Octobers blog is short and sweet, but oh so important.
We have all been there. Those end of season blues when you look at what was once a beautifully laid out, colourful haven, aka your garden, or even your allotment. The urge to tidy everything up is undeniable, but is it the right thing to do?
We err on the side of no, it is not, and here is why.
All that dead matter, dropped leaves and old seed heads etc are actually a haven for insects and vital for pollinators to over winter in. Many butterfly and bee eggs will have been laid in that pile of leaves you are about to lift, and not only those but your friends that help you keep down the dreaded garden pests, such as ladybirds and lacewings. Two things will happen if you persist in being overly tidy. One, you will aid the reduction of the insect species, or two, you will encourage them to go and live elsewhere. We definitely do not want either of those outcomes, more and more lately I have seen people commenting about hand pollination, although there is a place for doing this, it doesn't stretch the grey matter too much to understand why this practice is on the increase.
Another reason is that much of all that you may wish gone is a vital food source for your local bird population. Once they have you mapped as a reliable snack site they will return day after day. Yes, we know you could just put feeders out but why not use what is naturally there? They won't only be munching on overwintering insects but they will be feasting on the still standing seed heads and berries.
Also, all that dead matter, when left to breakdown naturally, becomes a perfect mulch for your soil AND it saves you the job of sourcing a mulch and spreading it!

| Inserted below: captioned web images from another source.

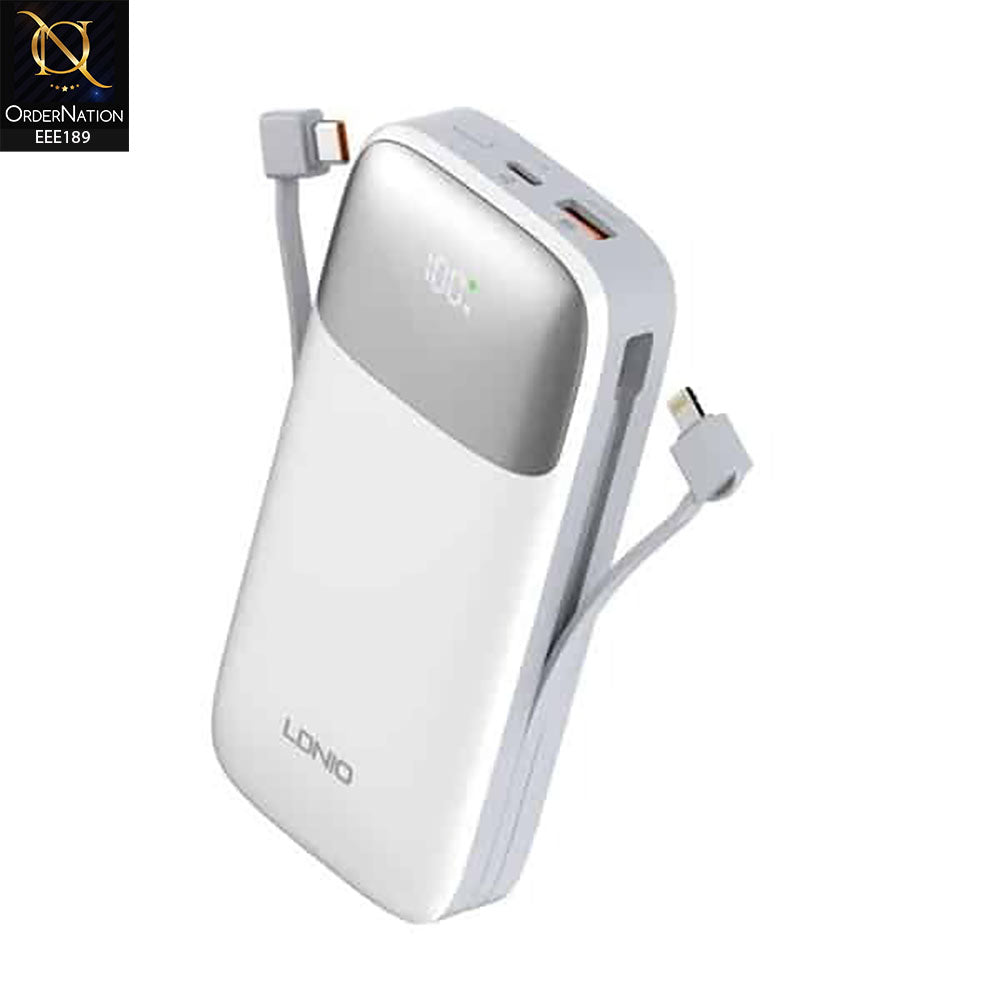 LDNIO PQ20 20000mAH Type-C 22.5W - Lightning Cable 20W PD+QC3.0+SCP Fast Charging Power Bank - White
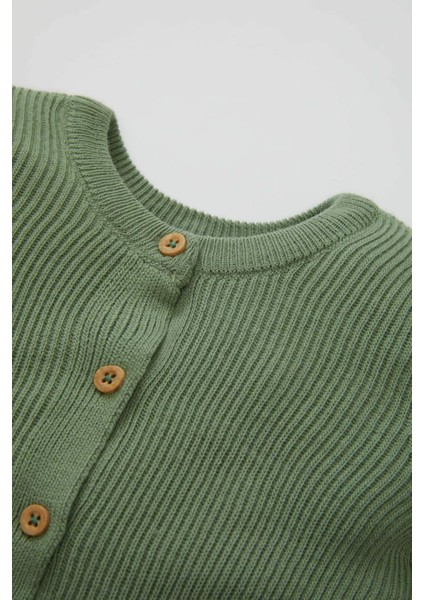 Erkek Bebek 2'li Takım Basic Düz Düğmeli Uzun Kollu Triko Hırka Beli Lastikli Triko Alt C9594A524AU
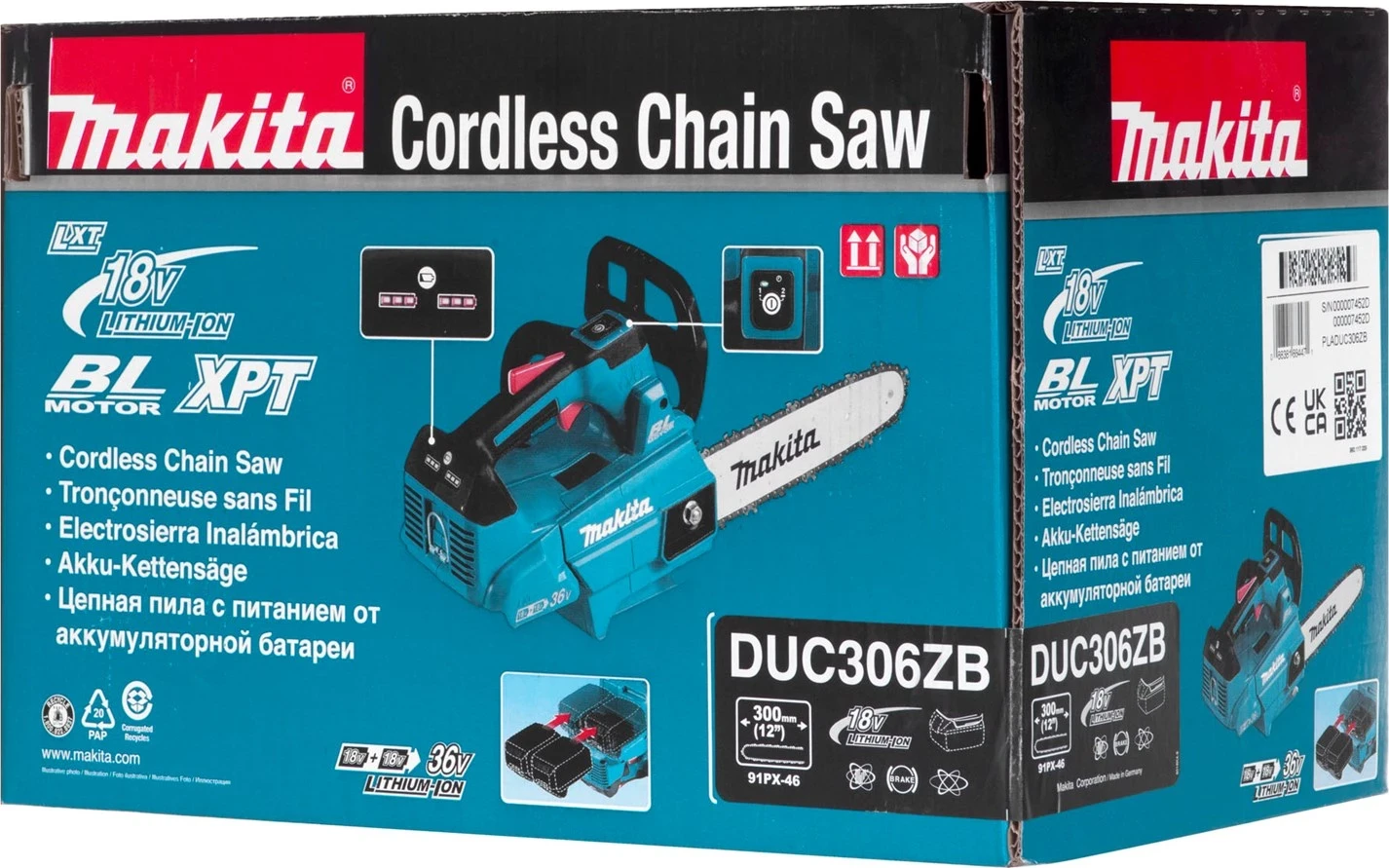 Brezžična verižna žaga, Makita DUC306ZB, črno-modra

All of the reasons already mentioned are important and valid but there is one more. We have to realise that we cannot just take and take from the soil. In the end it will not contain the nutrients required to support growth of healthy flowers or vegetables. All of that dead standing matter can be left to breakdown, worked into your soil when it warms up next year (give your baby, or hibernating, pollinators time to leave) and provide a major boost to your soil biome. Not sure what your soil biome is? The soon to be released November blog will be taking an in depth look at Soil Biome. What is it? And what can you do to improve it?
We hope this blog has given you a little food for thought and made you realise that even a small act can be of huge benefit for our environment.
See you further down the garden path.